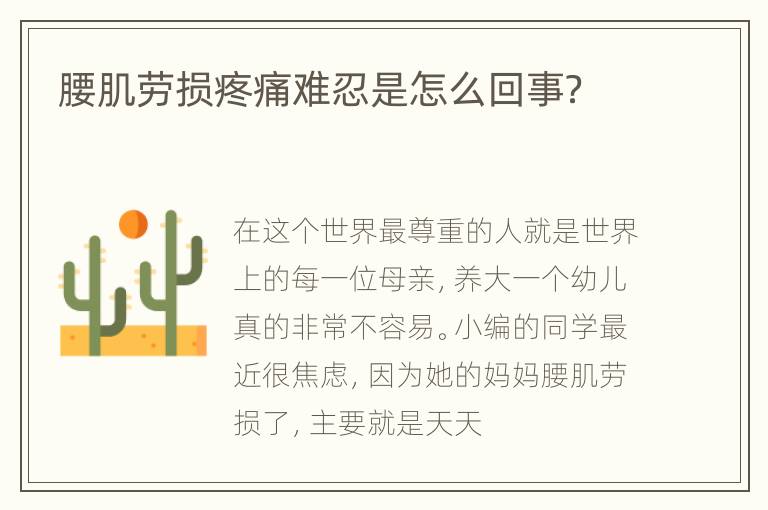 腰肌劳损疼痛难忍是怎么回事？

...

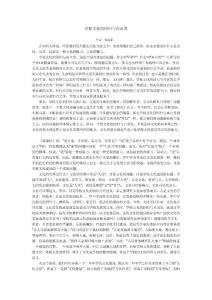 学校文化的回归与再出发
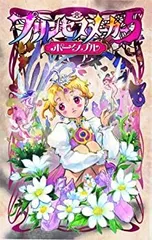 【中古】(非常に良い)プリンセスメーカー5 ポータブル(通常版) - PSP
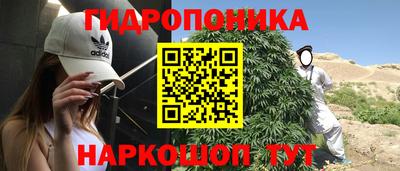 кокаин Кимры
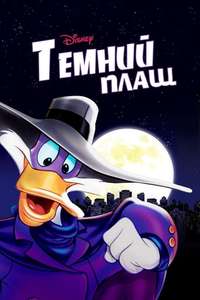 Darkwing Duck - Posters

Task requirements:
Reproduce the data above exactly, but only the lines from the one showing "ポータブル(通常版) - PSP" through the one showing "Darkwing Duck - Posters", with both ends kept and the pictures left out.

Final answer:
 【中古】(非常に良い)プリンセスメーカー5 ポータブル(通常版) - PSP
 кокаин Кимры
 Darkwing Duck - Posters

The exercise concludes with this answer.